Planning for a stable and predictable income in retirement just became a lot more complicated for the vast majority of customers despite the feeling of emancipation from the idea of being able to do what they want with their pension savings. Lamborghinis aside, without annuities there will be more choice, less guarantee, more risk and volatility, and perhaps as a result more unfortunate outcomes. No bother – what is done is done.
Traditional insurance companies have distinctive technical capabilities to make it easier for customers to manage an income throughout their retirement by applying sophisticated liability-based investment approaches and insuring against longevity. These capabilities have a critical role to play in the future of UK retirement; however, traditional insurance companies are desperately lacking in many core competencies that will be necessary to allow them to survive and thrive in the new paradigm. They have been slow to adapt to the digital world, and lack a customer mind-set, needs-based propositions and customer trust!
In order to succeed in the decades ahead, established life companies will need to re-discover what they are good at and find a way to truly become customer-centric. Traditional product push is out; trust activation, solutions, needs-based engagement, and nudge are in. Simply flooding the market with new “clever” absolute return funds will fall short.
Traditional insurance players that do not grasp how to build trust and intimacy, and harness digital and omni-channel management risk being intermediated “over the top” by non-traditional assemblers/information players and becoming a balance sheet utility at best.
What will this “new paradigm insurance company look like”? Four overarching imperatives stand out.

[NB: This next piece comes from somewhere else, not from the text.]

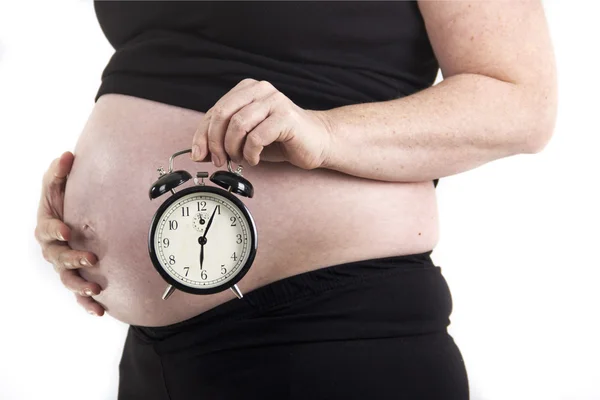 Pregnant woman alarm clock due time — Stock Photo, Image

First, it will provide easy access to portfolio information through multiple routes to the company (i.e. mobile channels). There will be a bias toward direct customer engagement, alongside the traditional IFA model.
Second, it will blend multi-asset and risk underwriting capability to create a “do if for me” solution capable of dynamically managing needs through the life-cycle vs. at any one stage in it.

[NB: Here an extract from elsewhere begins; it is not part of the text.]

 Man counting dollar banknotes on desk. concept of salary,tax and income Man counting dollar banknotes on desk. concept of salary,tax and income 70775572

Third, it will develop strong guidance and advice capability to help customers engage with their retirement and demystify the art of financial advice. This will be done through the incorporation of digital technologies and simplification of the guidance process. Digital tools that help to explain and help customers understand trade-offs between risk and return and the probability of outcomes will become more important to activate trust along the way.
Fourth, it will be collaborative and open, offering clients social platforms to engage with other clients and advisors, and in some instances, competitors.
Insurance companies that can deliver the entire spectrum of these experiences stand the best chance of thriving in the new paradigm. If nothing else, the government has acted to enable customers; let’s hope for the benefit of those customers the industry can do the same.